The call featured corrected figures for certain balance sheet items and “other income and gains,” which may create short‑term uncertainty around exact liquidity measures even if the overall picture remains solid. Management also flagged intensifying competition from both online and offline players, suggesting that defending market share may require sustained investment and could pressure some categories.

Guidance Signals Confident but Disciplined Growth

Looking ahead, JD Health signalled plans to sustain high‑quality growth by leaning into its pharmaceutical supply chain, direct‑sales platform and AI‑enabled services while carefully integrating online and offline operations. Management aims to build on 2025’s revenue of RMB 73.4 billion and non‑IFRS profit of RMB 6.5 billion, viewing AI, new drug launches, on‑demand retail and insurance‑linked services as multi‑year growth engines, with a clear focus on sustainable margins and user expansion.

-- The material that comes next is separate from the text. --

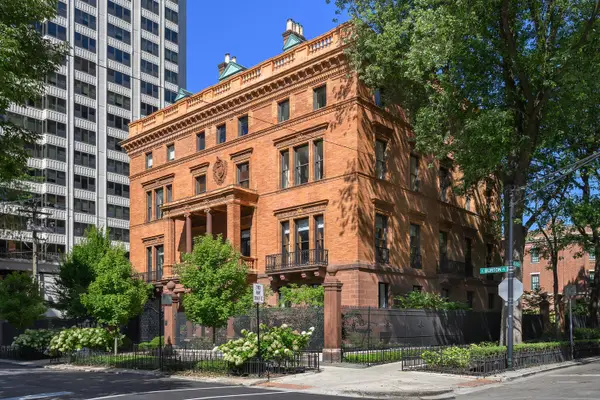 1500 N Astor Street #6, Chicago, IL 60610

JD Health’s latest earnings call painted a picture of a company balancing strong growth, improving profitability and heavy investment in technology and channels. Investors will need to weigh execution risks around AI monetization, cost discipline and competition, but the underlying momentum in revenue, margins, users and cash flow positions the company as a notable player in China’s evolving healthcare market.